I’ve been looking at the state of play, and if I was to give you the lay of the land for the next twelve months, it wouldn't be pretty for everyone. Here are my ten predictions for where AI takes us in 2026.
- AI Causes The Great Social Media Checkout Social media is becoming saturated. It’s like a muddy football pitch in January—heavy going and not much fun to watch. The ability for AI to produce not just text at scale, but photos and videos that would pass the Turing test, means the platforms are getting properly deluged in it. When it is too easy to produce the content, we will drown in it. The end result? Users will start to check out. When the feed is 90% slop, users are going to stop scrolling.
- AI Causes The World Splits in Two One section of society is going to become hyper-online, getting lost in AI-generated communities and living a "Second Life" existence that feels like a Black Mirror episode thanks to the advancements of AI. The alternative? People who check out entirely. Once videos are indistinguishable from real life, trust online hits near zero. For those people, it will be time to put down the phone and the laptop, go outside, and trust only what you can physically touch.

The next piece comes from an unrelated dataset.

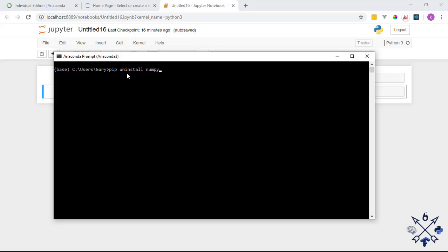After removing NumPy, reinstall TensorFlow so it installs with its own version of NumPy. Run: pip uninstall tensorflow, then follow the installation guide again to reinstall it properly. I won't be doing that because mine was installed correctly. Thanks for watching — leave a like if this was helpful and don't forget to subscribe.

- ChatGPT Won’t Launch Ads (Yet) There’s plenty of noise that ads are coming to AI, but I’d say its still a little early. Apple ads were been promised for years without it getting out. ChatGPT just doesn't have the balance right yet. Trust is still at a fragile state, and the AI is still liable to talk through its hat occasionally. They can’t start selling ad space until they stop making things up. Businesses should focus on preparing digital footprints, but the focus should be on being the trusted answer, not bidding to be recommended.

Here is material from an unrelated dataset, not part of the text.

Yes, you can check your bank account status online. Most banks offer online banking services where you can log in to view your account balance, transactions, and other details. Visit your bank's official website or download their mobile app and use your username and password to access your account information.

- The Revival of Print Bold, I know, but stick with me. Just like the world splitting in two, the sheer exhaustion of AI saturation is going to force people back to novel things like books, newspapers, and magazines. Users are looking for an escape route from their devices. Print could become the new vinyl. It’s tangible, it’s real, and you know a robot didn’t hallucinate the ink onto the page. It’s up to newsrooms to win back trust (that's an entire other column)
- Vibe Coding and the Death of the "Moat" The big off-the-shelf business solutions are in trouble. "Vibe coding" is growing with platforms like n8n and Lovable, and Figma’s AI is impressive. Users want to harness AI to build custom tools rather than paying through the nose for tiered subscriptions where they only use one feature. The frustration of expensive software is being overcome by custom builds. Those who can figure this out will threaten billion-dollar industries that thought they had moats around their software. The drawbridge is down, folks.
- The "Slop" Detection Crisis Again to my top point, social networks won’t be able to stem the tide in the short term. AI detection software is notoriously unable to decipher the real from the fake, I saw one tool rate the Bible as 85% AI-generated. That’s the level of farce we are dealing with. This is the problem they need to overcome, or users will simply walk away when the "AI Slop" destroys their feeds.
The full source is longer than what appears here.